# UK Soap and Drama Discussion > EastEnders > Spoilers >  What is the dates of Letitia's and Nigel's Return??

## the_watts_rule

please tell me   :Bow:

----------


## .:SpIcYsPy:.

No one post it here.. it will the be a spoiler...

----------


## Debs

just in case people dont want to know im going to move this to spoilers then you can post dates

----------


## Alisha

According to Nigel, it's th 17th (for both) cant wait!  :Smile:

----------


## i_luv_dennis

> According to Nigel, it's th 17th (for both) cant wait!


nor can i

----------


## Crazy Gal 88

17th of june or july?

----------


## Alisha

> 17th of june or july?


June  :Smile:

----------


## di marco

i thought it was the 13th, nooooooooo 4 extra days til dennis comes back  :Sad:

----------


## .:Kitz:.

is that till its shown or till they start filming?  :Big Grin:

----------


## di marco

> is that till its shown or till they start filming?


til its shown

----------


## .:Kitz:.

oh thank god!!!!!! :Big Grin:  :Big Grin:  :Big Grin:  :Big Grin:  :Big Grin:  :Big Grin:  :Big Grin:  :Big Grin:

----------


## Alisha

> is that till its shown or till they start filming?

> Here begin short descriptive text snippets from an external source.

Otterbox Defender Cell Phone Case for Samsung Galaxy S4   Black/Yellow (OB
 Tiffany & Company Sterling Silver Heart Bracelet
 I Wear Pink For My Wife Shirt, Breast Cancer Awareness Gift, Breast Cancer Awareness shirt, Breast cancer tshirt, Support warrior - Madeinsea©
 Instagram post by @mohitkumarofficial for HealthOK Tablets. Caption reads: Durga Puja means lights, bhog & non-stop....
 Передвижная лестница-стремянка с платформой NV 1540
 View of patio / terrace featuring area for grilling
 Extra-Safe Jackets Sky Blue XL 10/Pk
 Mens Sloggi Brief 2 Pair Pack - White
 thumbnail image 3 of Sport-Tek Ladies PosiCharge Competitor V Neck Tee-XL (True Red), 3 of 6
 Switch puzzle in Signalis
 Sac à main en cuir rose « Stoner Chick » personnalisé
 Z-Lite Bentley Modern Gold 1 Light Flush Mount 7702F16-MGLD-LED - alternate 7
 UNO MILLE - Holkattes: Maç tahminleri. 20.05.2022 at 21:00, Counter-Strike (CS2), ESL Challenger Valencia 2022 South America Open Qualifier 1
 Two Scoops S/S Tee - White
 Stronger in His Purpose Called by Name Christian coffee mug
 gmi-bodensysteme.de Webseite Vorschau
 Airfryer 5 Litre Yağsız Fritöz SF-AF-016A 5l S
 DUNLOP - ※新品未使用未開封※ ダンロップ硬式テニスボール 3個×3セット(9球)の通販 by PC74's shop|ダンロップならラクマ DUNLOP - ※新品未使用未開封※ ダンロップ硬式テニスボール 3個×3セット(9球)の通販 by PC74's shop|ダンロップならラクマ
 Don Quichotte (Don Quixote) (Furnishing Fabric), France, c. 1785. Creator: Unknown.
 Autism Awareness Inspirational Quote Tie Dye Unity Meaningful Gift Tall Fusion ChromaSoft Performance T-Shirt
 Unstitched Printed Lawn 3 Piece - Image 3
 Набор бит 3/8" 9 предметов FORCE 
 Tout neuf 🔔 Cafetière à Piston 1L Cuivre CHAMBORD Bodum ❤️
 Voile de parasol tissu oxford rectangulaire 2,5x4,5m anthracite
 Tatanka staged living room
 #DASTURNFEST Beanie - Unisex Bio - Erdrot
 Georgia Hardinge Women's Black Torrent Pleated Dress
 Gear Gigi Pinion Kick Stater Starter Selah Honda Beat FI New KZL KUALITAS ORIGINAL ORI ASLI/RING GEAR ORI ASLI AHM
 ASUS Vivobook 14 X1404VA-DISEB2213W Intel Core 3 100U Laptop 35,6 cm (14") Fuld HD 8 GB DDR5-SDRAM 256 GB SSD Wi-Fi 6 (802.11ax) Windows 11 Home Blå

no they have been back in filming for about 4 weeks now so we should see the pair in mid june.  :Smile:

----------


## CC_Rickman

omg omg omg omg *boner*
are they together?

----------


## melanielovesdennisrickman

Hiya!!!!!
I can't wait,untill they are back!!!!!
I really hope that they will finally be happy together,and that everybody one will find out what a lying and nasty little ..... Zoe is.
Will Zoe still be there when they get Back?????

Love
 :Heart:    Melanie    :Heart:

----------


## the_watts_rule

thanks for the replies 17th of June isnt long i can't wait because Sharon is my favourite character

----------


## eastie

yeah, same!

----------


## Angeldelight

17th of JUNE... i'm so glad... yey yey yey yey yey yey... does Zoe's exit due to their return?

----------


## chocolate

*yay yay yay yay !!!!!* i cant wait  :Cheer:   :Smile:

----------


## Treacle

Well now you know....

Closing....

----------